**WHAT THIS TASK INVOLVES:** Among the entries below, copy only the span from the line containing "فروش استثنایی ست" through the line containing "BATERIE SUPER HEAVY DUTY R03 BL 4 BUC VARTA". Do so exactly, and skip the pictures.
(INPUT Opens)
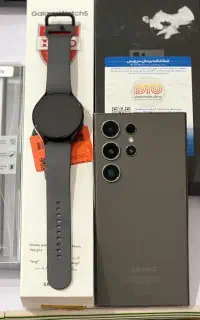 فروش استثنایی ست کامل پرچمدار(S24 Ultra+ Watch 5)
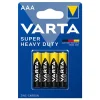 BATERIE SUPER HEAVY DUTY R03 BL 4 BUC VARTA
(INPUT Closes)
(INPUT Opens)
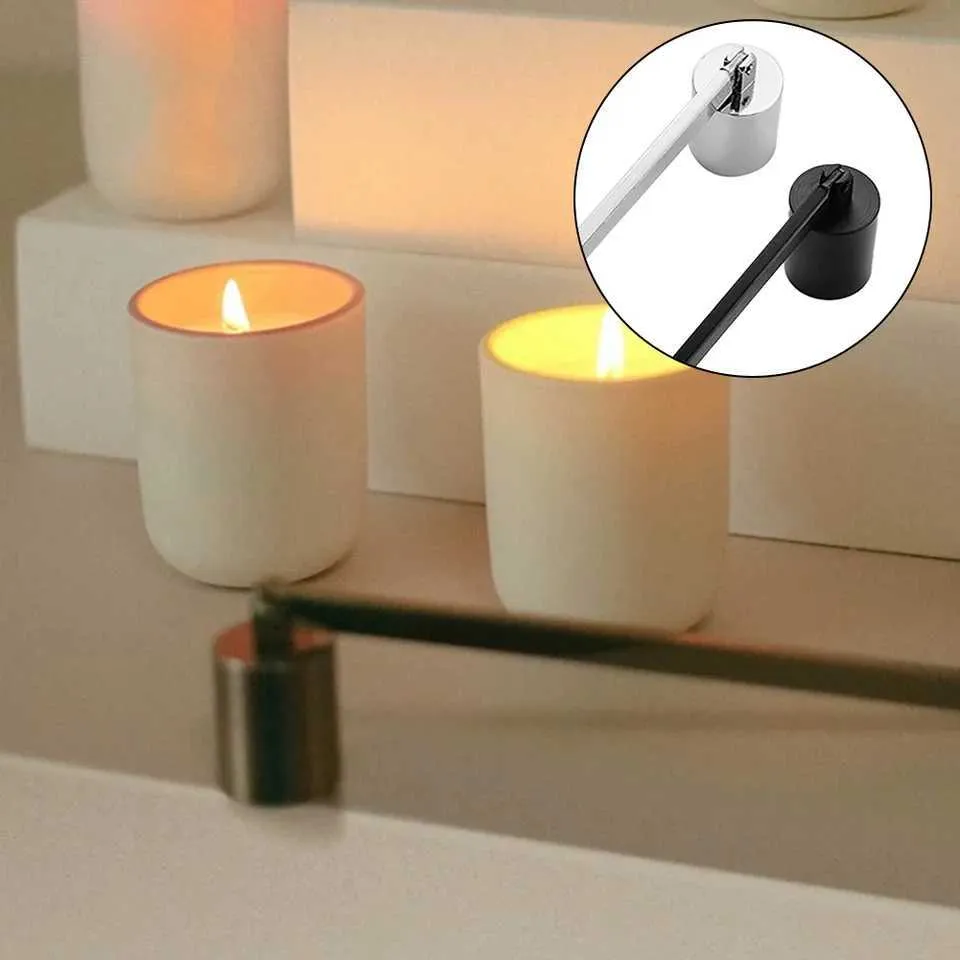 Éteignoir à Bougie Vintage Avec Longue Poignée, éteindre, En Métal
(INPUT Closes)
**ANSWER TO THIS TASK:**
 فروش استثنایی ست کامل پرچمدار(S24 Ultra+ Watch 5)
 BATERIE SUPER HEAVY DUTY R03 BL 4 BUC VARTA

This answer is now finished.